◆ WHAT THIS TASK INVOLVES: Return the lines of the material below exactly, beginning with the line that has "Shin Guards Soccer" in it and finishing with the line that has "Colorful Fountain Pen" in it. Leave all pictures aside.

◆ DATASET EXTRACT:
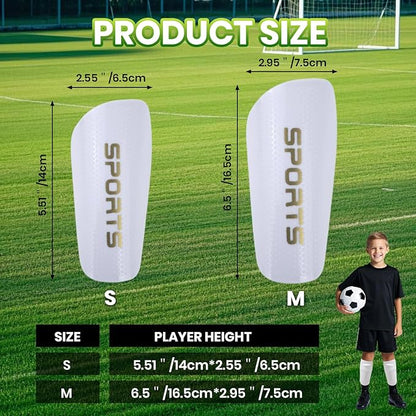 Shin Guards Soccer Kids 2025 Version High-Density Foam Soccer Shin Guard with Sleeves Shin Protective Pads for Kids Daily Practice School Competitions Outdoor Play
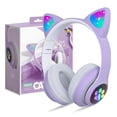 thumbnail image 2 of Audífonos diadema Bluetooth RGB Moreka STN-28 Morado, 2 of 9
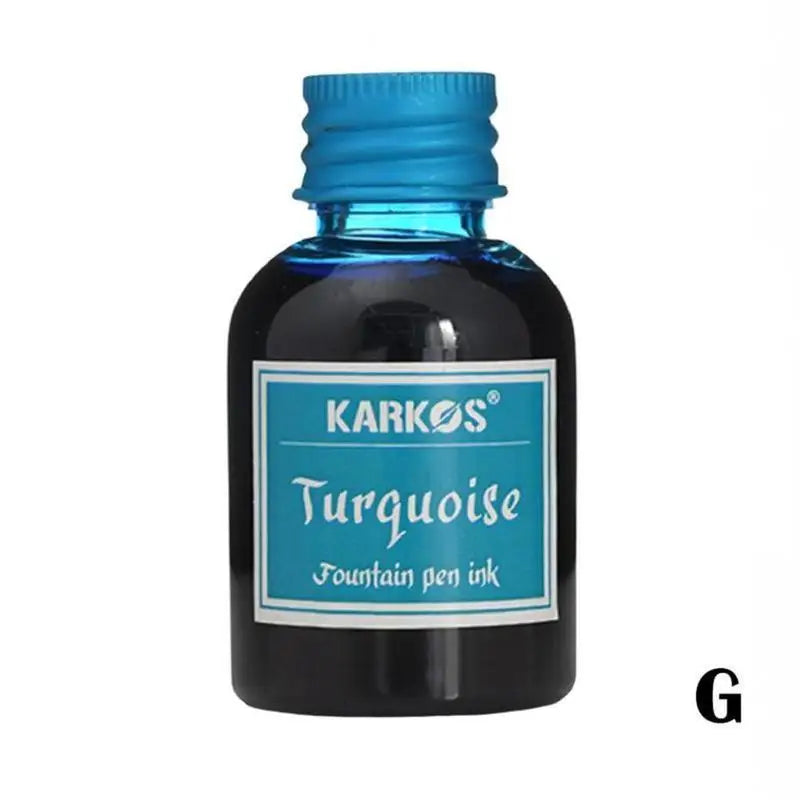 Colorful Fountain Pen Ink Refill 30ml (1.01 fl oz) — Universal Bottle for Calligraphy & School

---

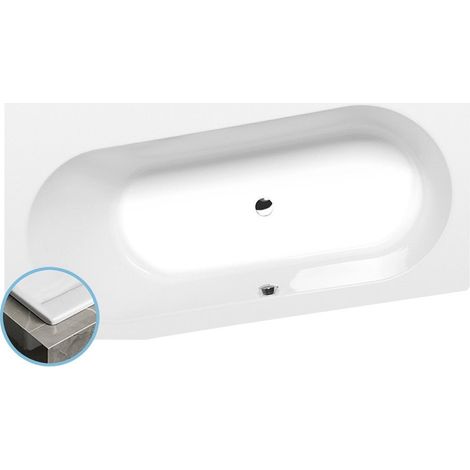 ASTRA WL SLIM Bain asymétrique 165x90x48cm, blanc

==

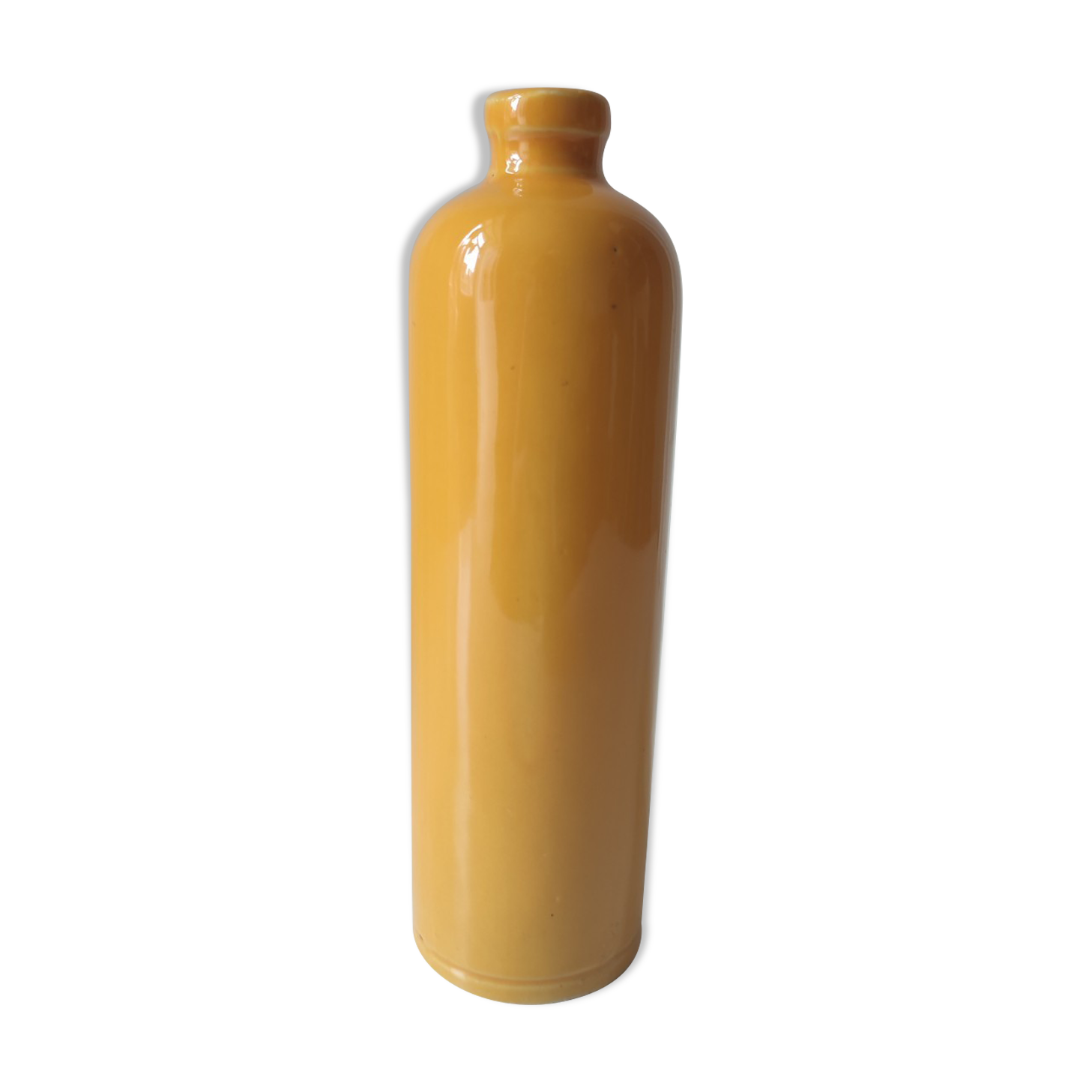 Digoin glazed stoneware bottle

◆ SOLUTION TO THIS EXERCISE:
 Shin Guards Soccer Kids 2025 Version High-Density Foam Soccer Shin Guard with Sleeves Shin Protective Pads for Kids Daily Practice School Competitions Outdoor Play
 thumbnail image 2 of Audífonos diadema Bluetooth RGB Moreka STN-28 Morado, 2 of 9
 Colorful Fountain Pen Ink Refill 30ml (1.01 fl oz) — Universal Bottle for Calligraphy & School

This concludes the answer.